La domanda da porsi è: con questa ingegneria politico-sociale si può realizzare una transizione che raggiunga l'obiettivo di rendere lo Stato meno elitario, creare una crescita sostenibile con inclusione sociale e ridistribuzione della ricchezza? Giorno dopo giorno cresce la convinzione che questa politica economica sia inadeguata per la politica sociale. Piovono critiche e c'è delusione nei movimenti sociali. Lula è cosciente di questa sproporzione, si sente schiacciato e chiamato urgentemente a decidere.
Che cosa farà? Metterà l'accento sul progetto macro-economico neo-liberista o sul progetto social-popolare? Se opta per il progetto macro-economico dovrà sacrificare massicciamente il progetto sociale. E se opta per il progetto sociale dovrà cambiare sostanzialmente il progetto macro-economico.
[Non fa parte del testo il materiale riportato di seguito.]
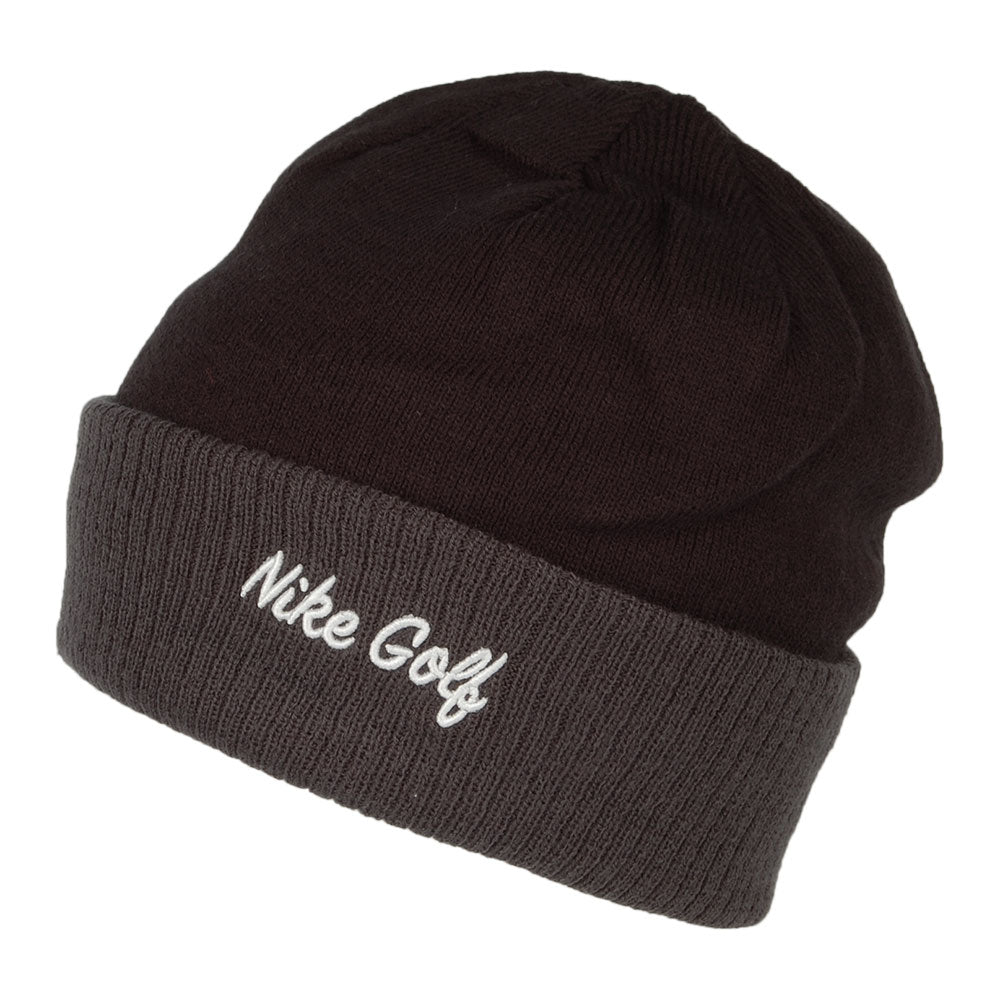 Nike Golf Hats STMT Bobble Hat - Black-Grey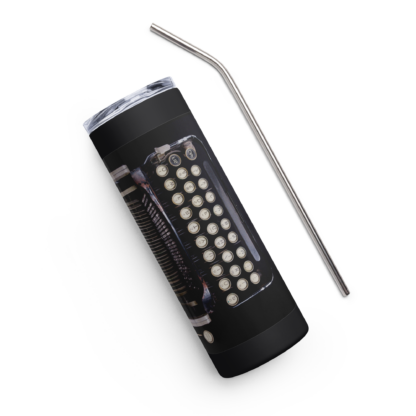 Instrument of Mass Distraction  |  Insulated Stainless Steel Tumbler - Image 6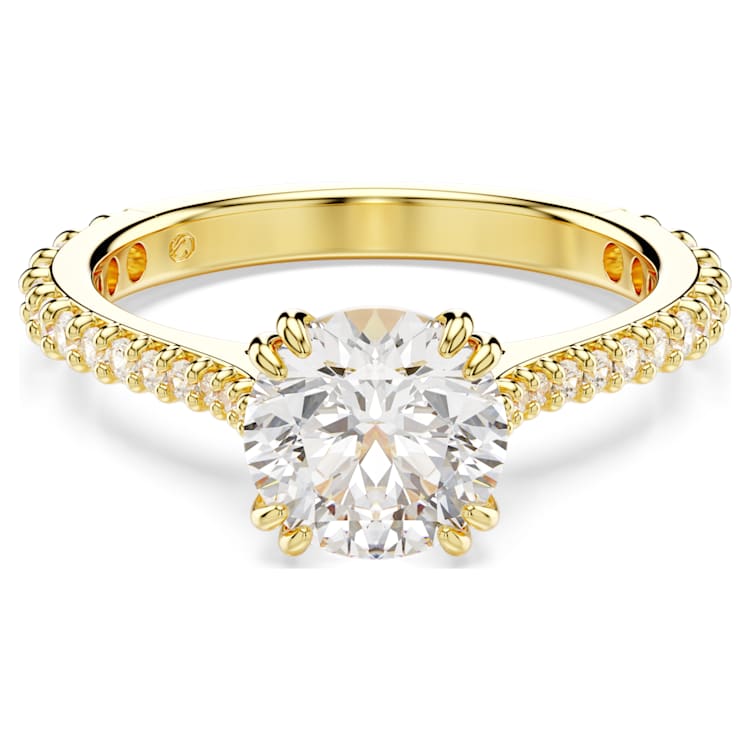 Swarovski hilly ring top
Ciascuna opzione avrà conseguenze non meno gravi dell'altra: o la mobilitazione per le strade di migliaia e migliaia di persone dei movimenti sociali per reclamare più politiche pubbliche, o le pressioni del mercato e del sistema economico-finanziario capaci di produrre una grave destabilizzazione economica.
In questo momento è difficile sapere la direzione che prenderà Lula. Forse, data la gravità della crisi politica a causa della corruzione che getta l'ombra del sospetto su settori importanti del suo partito, deciderà di avvicinarsi di più alla sua base di appoggio sociale e asseconderà le sue richieste di cambiamento nell'ambito economico.I prossimi mesi saranno decisivi per Lula, anche per la prospettiva di rielezione alla fine del 2006 a cui aspira ardentemente.